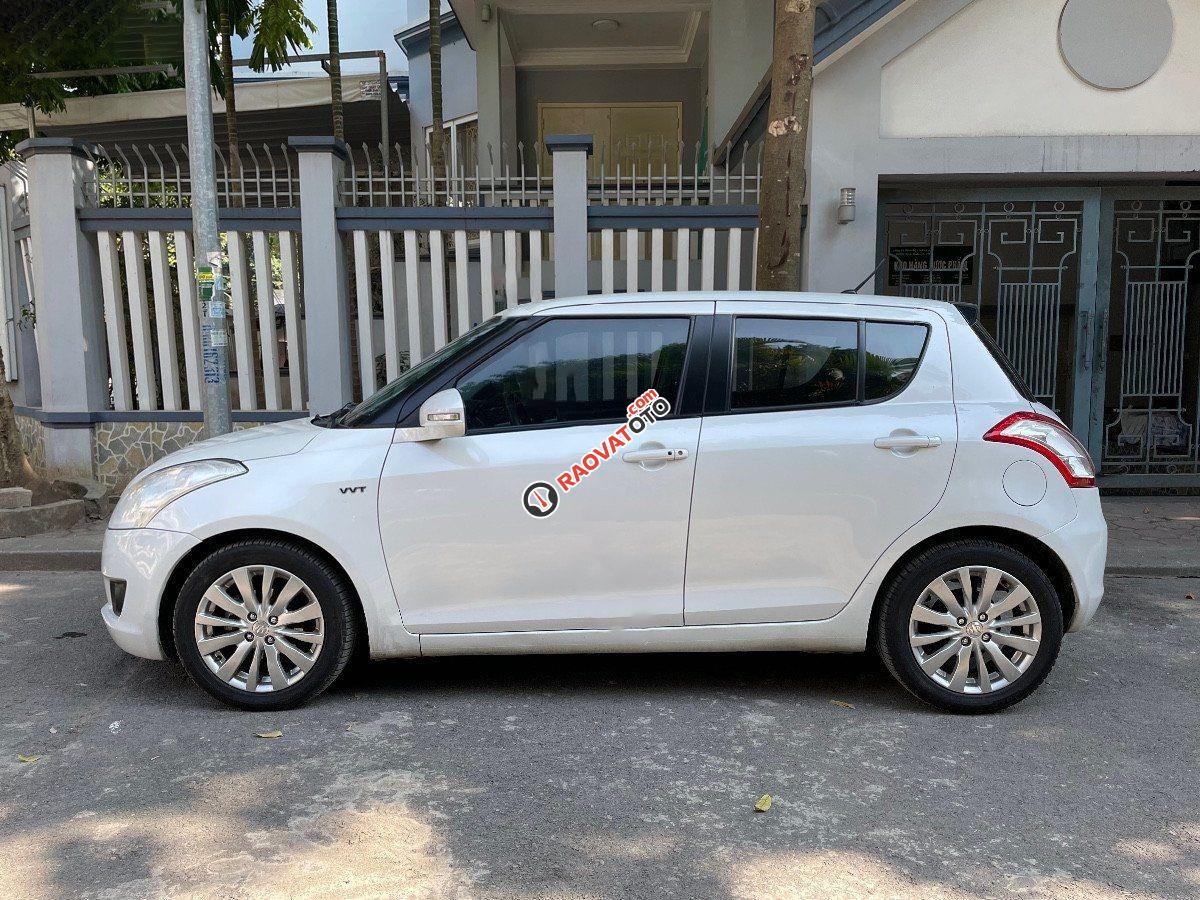 Cần bán lại xe Suzuki Swift AT đời 2014, màu trắng số tự động, 348 triệu-1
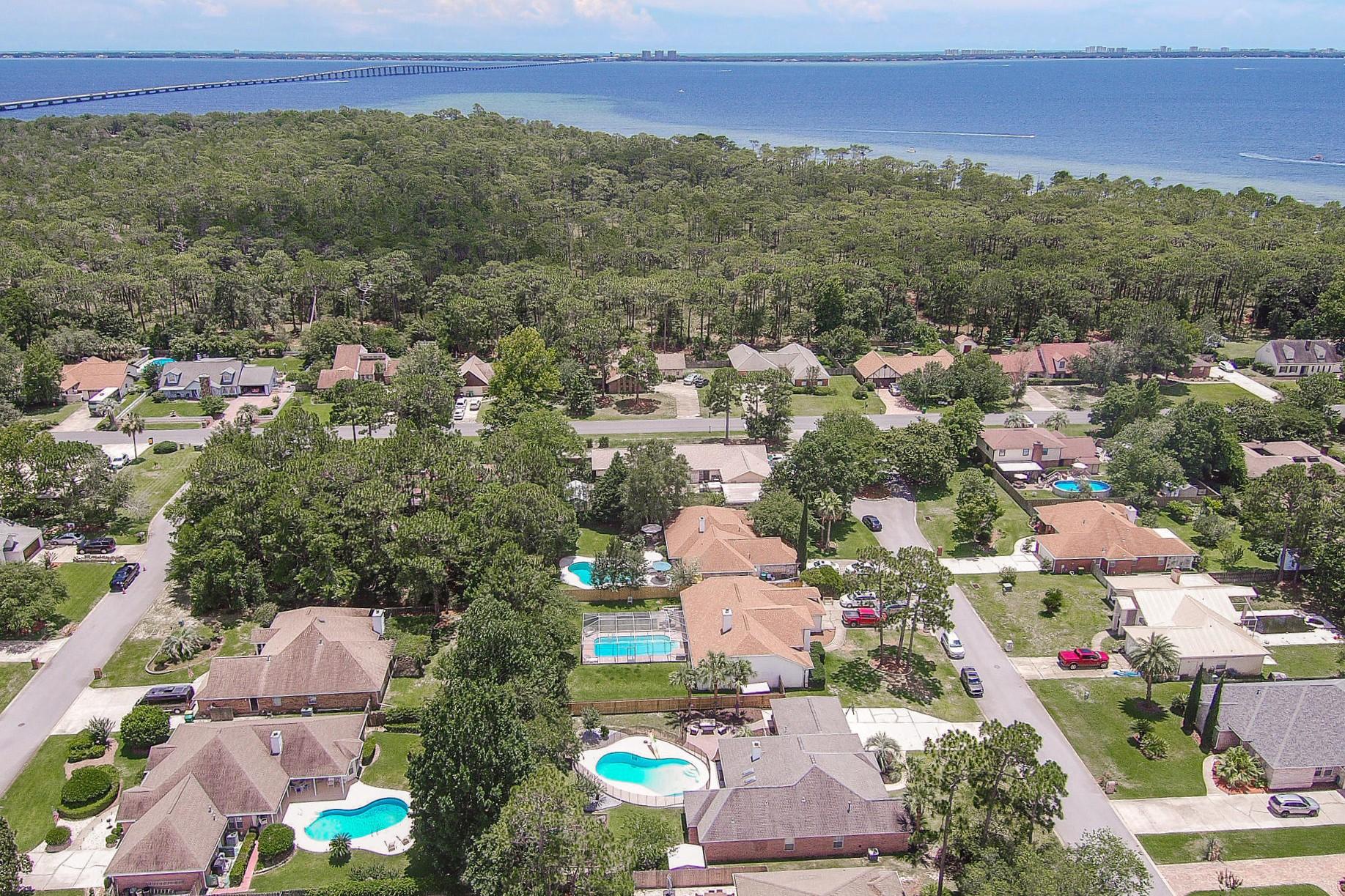 RAINTREE ESTATES - Residential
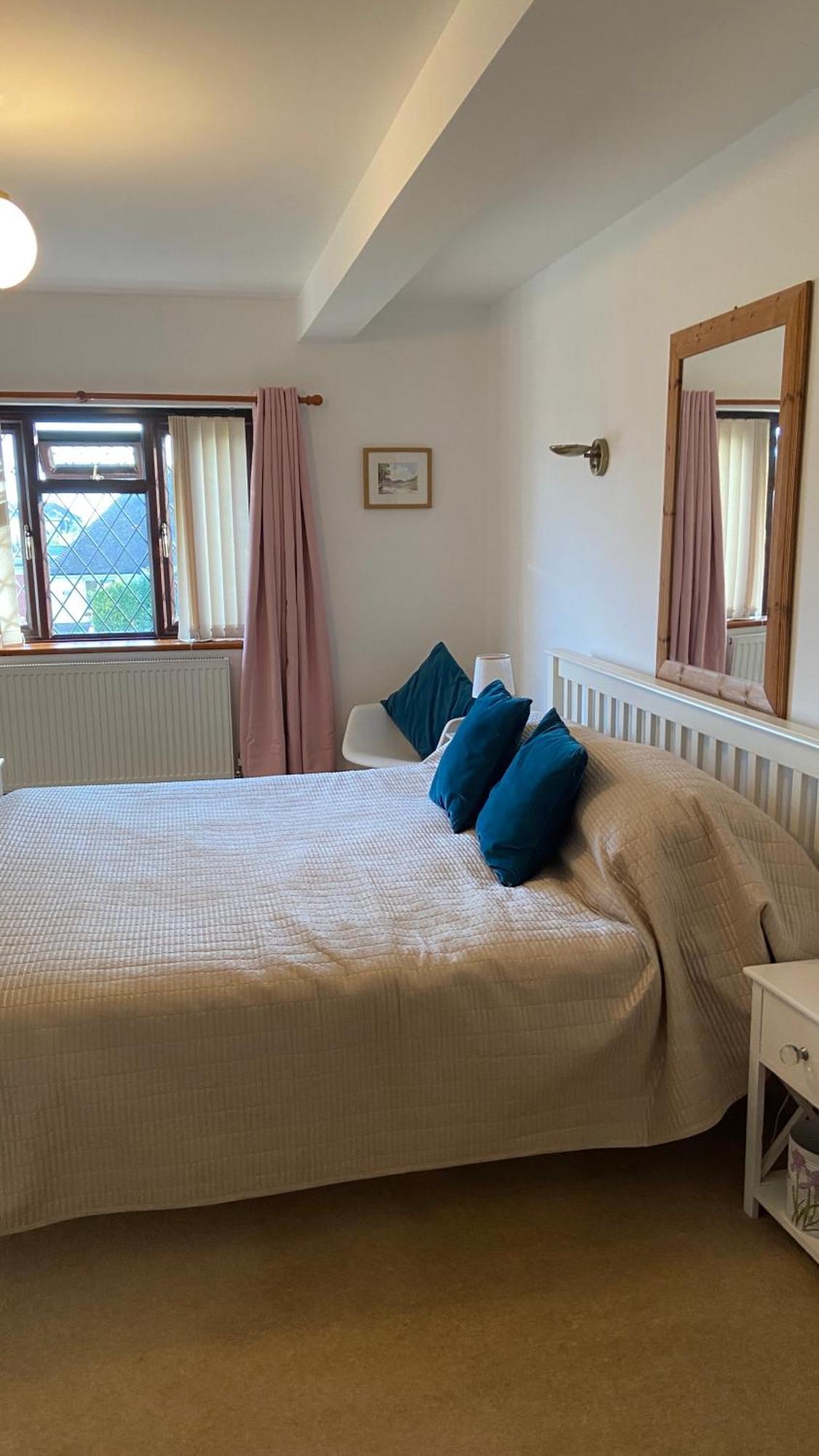 Beautiful Bexhill Cottage With Garden 3 Mins Walk To Beach מראה חיצוני תמונה
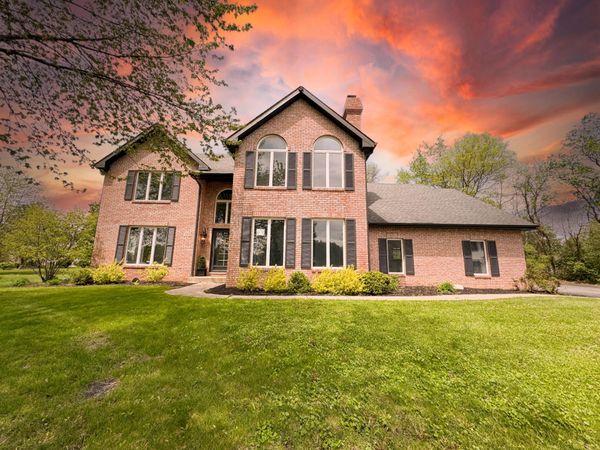 3807 Waxwing Court , Valparaiso, IN 46383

::::::

◆ What is being asked:
Return the complete material exactly as it appears, without images.

◆ Response:
 Cần bán lại xe Suzuki Swift AT đời 2014, màu trắng số tự động, 348 triệu-1
 RAINTREE ESTATES - Residential
 Beautiful Bexhill Cottage With Garden 3 Mins Walk To Beach מראה חיצוני תמונה
 3807 Waxwing Court , Valparaiso, IN 46383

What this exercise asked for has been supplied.